▶ _Material for the task_:
- - - -
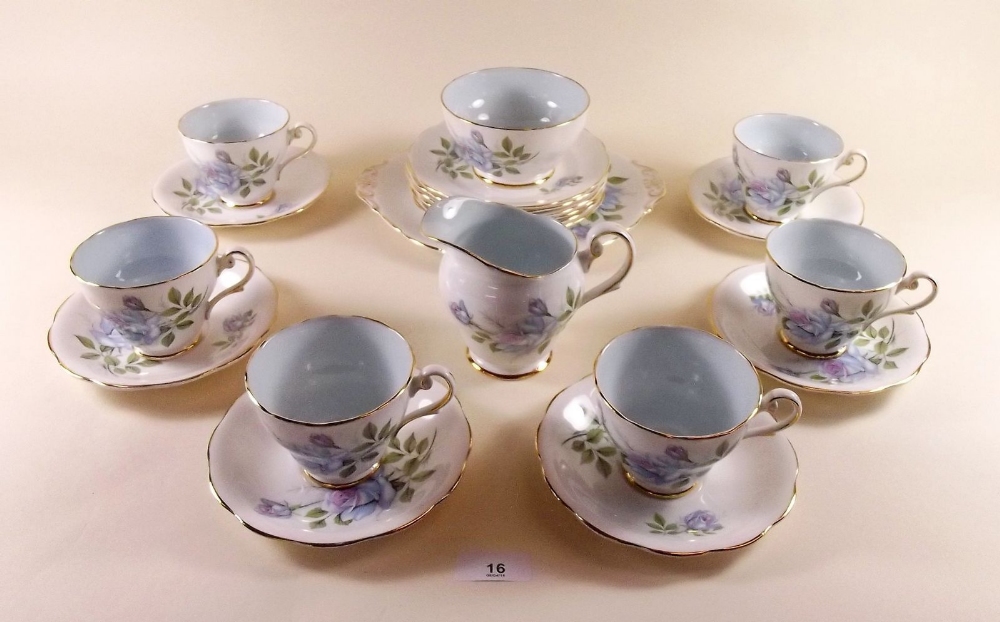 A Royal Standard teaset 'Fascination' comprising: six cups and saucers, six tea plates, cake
- - - -
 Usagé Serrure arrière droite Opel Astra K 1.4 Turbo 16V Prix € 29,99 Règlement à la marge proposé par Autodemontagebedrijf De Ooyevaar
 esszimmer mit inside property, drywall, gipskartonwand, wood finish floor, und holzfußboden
- - - -
▶ _Exercise_: Restate word for word only the lines above from the line containing "Usagé Serrure arrière" to the line containing "esszimmer mit inside", both of them included.

▶ _Result of this task_:
 Usagé Serrure arrière droite Opel Astra K 1.4 Turbo 16V Prix € 29,99 Règlement à la marge proposé par Autodemontagebedrijf De Ooyevaar
 esszimmer mit inside property, drywall, gipskartonwand, wood finish floor, und holzfußboden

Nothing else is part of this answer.